Rallenta invece l’utilizzo dello strumento SPAC, tenuto conto delle difficoltà riscontrate nel mercato dei capitali. Nel corso del 2020, l’annunciata business combination tra Spactiv e Betty Blue (marchio Elisabetta Franchi) è stata annullata per eccesso di recessi e le SPAC VEI1 e Gabelli Value for Italy si sono sciolte a seguito della mancata identificazione di target ideali da accompagnare in Borsa. 

Private Equity

I fondi di Private Equity hanno continuato ad essere molto attivi, confermando il loro ruolo fondamentale nel consolidamento e nello sviluppo delle aziende del nostro Paese. Nel corso del 2020 hanno completato 123 acquisizioni; 230 è invece il numero complessivo di operazioni che hanno visto il coinvolgimento di un fondo di Private Equity, se si considerano anche le transazioni in cui i fondi hanno agito in qualità di venditori e gli add-on sulle società già detenute.

Con riferimento alle 123 acquisizioni, 44 sono state completate da operatori esteri; le rimanenti 79 da fondi italiani (di cui 7 su società target estere).

Tra i soggetti più attivi si segnala Mandarin Capital, che ha concluso 5 acquisizioni, investendo nel settore del caffè (Yespresso, Daroma), negli accessori moda (ABC Morini), nell’hair care (Nuova Fapam) e nel biomedicale (Sidam).

Operazioni di grande rilievo quelle completate da BC Partners, che ha acquisito la pasticceria Bindi all’inizio dell’anno e sta finalizzando, in partnership con la famiglia Vacchi, il delisting della bolognese IMA, a 25 anni dalla quotazione, in una operazione che ne valorizza il 100% del capitale sociale quasi 3 miliardi di euro.

Pipeline

Le notizie migliori di questo 2020 vengono dalla pipeline di operazioni annunciate, ma non ancora finalizzate nel corso dell’anno. Con oltre 75 miliardi di controvalore, infatti, si presume che il 2021 possa segnare il ritorno del mercato M&A verso i livelli del 2018 (90 miliardi di euro) provando ad avvicinarsi agli anni record 1999-2000 (rispettivamente con 145 miliardi di euro e 129 miliardi di euro), teatro delle grandi fusioni bancarie sul territorio nazionale e dell’ingresso in Italia di grandi player dall’estero.

L’operazione più rilevante è sicuramente la fusione tra FCA e PSA, che darà vita a Stellantis, il cui controvalore complessivo sarà pari ad oltre 22 miliardi di euro. Dall’integrazione nascerà il quarto costruttore automobilistico al mondo in termini di volumi.

Particolarmente interessanti gli sviluppi nel settore infrastrutture, con la possibile acquisizione di Autostrade da parte di un consorzio tra Cassa Depositi e Prestiti ed i fondi internazionali Blackstone e Macquarie.

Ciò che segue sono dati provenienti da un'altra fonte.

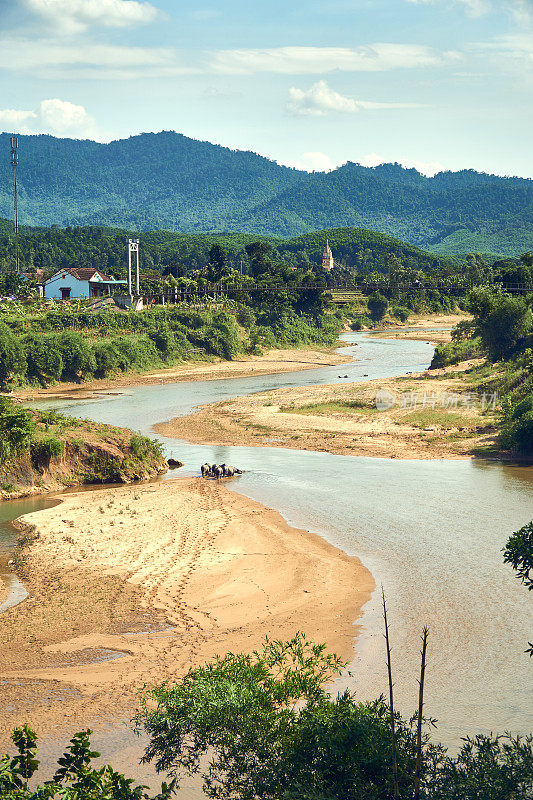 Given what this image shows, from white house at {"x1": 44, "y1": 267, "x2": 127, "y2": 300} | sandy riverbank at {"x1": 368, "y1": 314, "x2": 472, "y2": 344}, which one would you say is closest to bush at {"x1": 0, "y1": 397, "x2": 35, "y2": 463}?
white house at {"x1": 44, "y1": 267, "x2": 127, "y2": 300}

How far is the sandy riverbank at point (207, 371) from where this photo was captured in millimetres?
71562

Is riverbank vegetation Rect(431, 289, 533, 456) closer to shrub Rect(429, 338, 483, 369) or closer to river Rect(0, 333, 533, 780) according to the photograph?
shrub Rect(429, 338, 483, 369)

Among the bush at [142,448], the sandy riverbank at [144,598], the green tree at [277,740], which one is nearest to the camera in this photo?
the green tree at [277,740]

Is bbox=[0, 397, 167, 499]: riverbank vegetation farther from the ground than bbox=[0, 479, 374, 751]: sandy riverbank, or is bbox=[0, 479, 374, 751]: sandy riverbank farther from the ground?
bbox=[0, 397, 167, 499]: riverbank vegetation

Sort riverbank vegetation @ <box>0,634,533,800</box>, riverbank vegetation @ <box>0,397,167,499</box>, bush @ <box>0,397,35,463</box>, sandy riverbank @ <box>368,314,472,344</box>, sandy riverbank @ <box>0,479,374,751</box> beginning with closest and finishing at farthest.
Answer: riverbank vegetation @ <box>0,634,533,800</box>, sandy riverbank @ <box>0,479,374,751</box>, bush @ <box>0,397,35,463</box>, riverbank vegetation @ <box>0,397,167,499</box>, sandy riverbank @ <box>368,314,472,344</box>

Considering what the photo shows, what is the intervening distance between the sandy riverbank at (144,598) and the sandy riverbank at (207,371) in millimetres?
38954

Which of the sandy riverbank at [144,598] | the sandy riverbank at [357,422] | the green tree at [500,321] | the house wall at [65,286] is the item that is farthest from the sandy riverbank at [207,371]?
the sandy riverbank at [144,598]

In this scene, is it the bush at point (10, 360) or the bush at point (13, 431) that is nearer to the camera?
the bush at point (13, 431)

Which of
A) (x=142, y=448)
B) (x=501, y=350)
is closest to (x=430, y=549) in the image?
(x=142, y=448)

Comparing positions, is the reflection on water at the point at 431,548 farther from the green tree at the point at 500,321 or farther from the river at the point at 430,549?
the green tree at the point at 500,321

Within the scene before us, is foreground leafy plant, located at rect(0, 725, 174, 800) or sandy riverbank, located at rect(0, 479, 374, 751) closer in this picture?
foreground leafy plant, located at rect(0, 725, 174, 800)

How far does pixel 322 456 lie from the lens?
4638 cm

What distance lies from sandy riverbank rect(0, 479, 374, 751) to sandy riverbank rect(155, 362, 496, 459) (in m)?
16.2

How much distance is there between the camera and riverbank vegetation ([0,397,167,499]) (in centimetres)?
3528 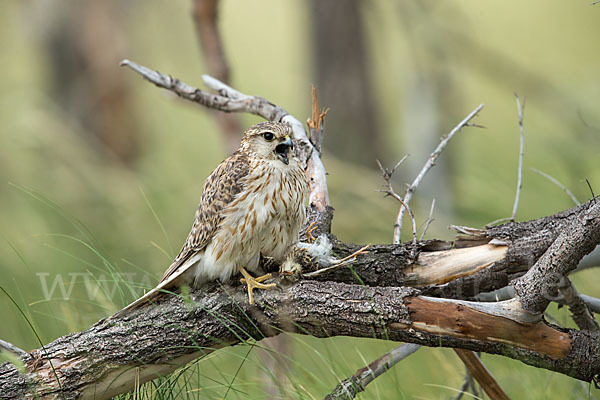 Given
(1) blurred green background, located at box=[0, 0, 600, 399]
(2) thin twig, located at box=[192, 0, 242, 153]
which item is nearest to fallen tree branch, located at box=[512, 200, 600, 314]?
(1) blurred green background, located at box=[0, 0, 600, 399]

Diverse le operazioni collegate al piano di digitalizzazione della nazione, che vedranno la stessa Macquarie acquisire una quota compresa tra il 40 ed il 50% di Openfiber ad un prezzo superiore ai 2 miliardi di euro, ed i fondi KKR e Fastweb affiancare TIM nello spin-off della rete Fibercop in un’operazione da circa 4,7 miliardi di euro. Prosegue inoltre il risiko delle torri di trasmissione con Cellnex (controllata dal gruppo Edizione) pronta ad investire circa 10 miliardi di euro per rilevare un network europeo di 24.600 torri da CK Hutchinson.

C’è attesa anche per la finalizzazione delle operazioni di fusione tra Nexi-Sia e Nets, con controvalori in gioco per complessivi 10,5 miliardi di euro.

Operazioni di minoranza importanti quelle che vedono gli ingressi del fondo svizzero Partners Group in Telepass (con il 49% valorizzato circa 1,5 miliardi di euro) e del consorzio CVC-Advent-FSI nella media company creata dalla Lega Serie A per la gestione dei diritti televisivi (il 10% è stato valorizzato 1,7 miliardi di euro).